**DATA FOR THE TASK**
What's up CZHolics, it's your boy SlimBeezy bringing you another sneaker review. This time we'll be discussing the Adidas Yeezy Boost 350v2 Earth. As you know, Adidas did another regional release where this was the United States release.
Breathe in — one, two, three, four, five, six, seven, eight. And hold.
--
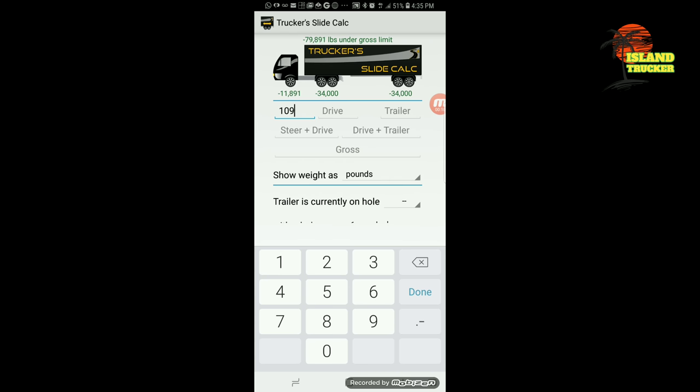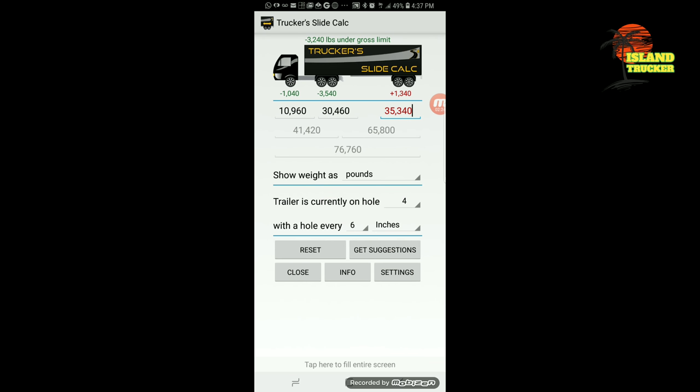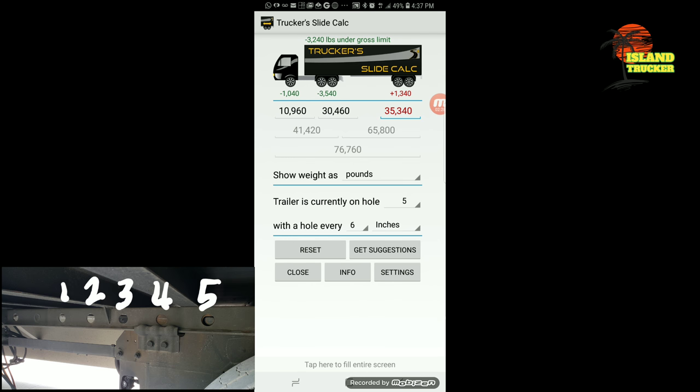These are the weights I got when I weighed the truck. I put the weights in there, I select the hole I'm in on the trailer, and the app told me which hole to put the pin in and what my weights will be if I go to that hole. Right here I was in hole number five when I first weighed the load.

**WORK INSTRUCTION**
Restate word for word the lines in the material above from the one with "What's up CZHolics, it's" to the one with "Breathe in —"; both of those lines count, and nothing else does.

**EXERCISE ANSWER**
What's up CZHolics, it's your boy SlimBeezy bringing you another sneaker review. This time we'll be discussing the Adidas Yeezy Boost 350v2 Earth. As you know, Adidas did another regional release where this was the United States release.
Breathe in — one, two, three, four, five, six, seven, eight. And hold.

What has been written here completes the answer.